Tom sat on my chipped, wooden bedroom floor and I gave him the tiniest guitar I could find while I showed him this verse/chorus idea I had for a pretty depressing song called horror movie. It was one of the first time we ever really wrote together or hung out. When I finished the chorus I’m pretty sure his first reaction was something like “dude that chorus fucks.” Very eloquent, I know lol. I had been singing it really slow, very Phoebe Bridgers-like and so he sped it up and pop-ified the hook a bit. It felt so obvious that it was a duet, so we wrote the second verse in the next like 10 minutes. I remember Tom mumbling “I want you like Romeo and Juliet” and I immediately finished the sentence with “but I’m trying not to get us both killed,” which is probably still my favorite line in the song other than “why’m I the girl you get to plague with all your exes, with all your failed attempts at different fonts of me.” There were so many moments where I almost changed that line, but Tom refused. He was right.

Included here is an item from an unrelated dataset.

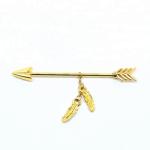 New arrival acrylic flower on industrial bar ear piercing jewelry set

The story of horror movie is as true as it is fake.
There have been many instances in my life where I felt like I was the second choice— my early adulthood would probably best be described as a series of unrequited love stories, 'Horror movie' was one of them. What I love about writing songs is that I can be as honest and painful as I want, and still someone out there (or probably a lot of people) are going to feel it so deeply that they'll feel like I'm reading through their thoughts. The first verse was a little piece of my pain as to why things rarely tend to work out— am I too complacent in allowing myself to be loved only platonically? Is it something about my personality? But the beauty of this song— unlike the rest of my discography — is that there is an answer. Duets are incredible because you’re not talking into the void. Tom being Tom, he immediately took a positive outlook when we started writing the second verse, and we had a lot of fun twisting old romance movie tropes into tragedies.
Making music can be really isolating. Most of my favorite writers seem to spend a lot more time in their heads than outside of them. And their brilliance might lie in their ability to talk to the void. I find them most often staring out windows and ceilings and stepping outside of relationships.
They exist on this plane of reality that’s exclusively for wall flowers. For life cartographers. It’s gorgeous and isolating.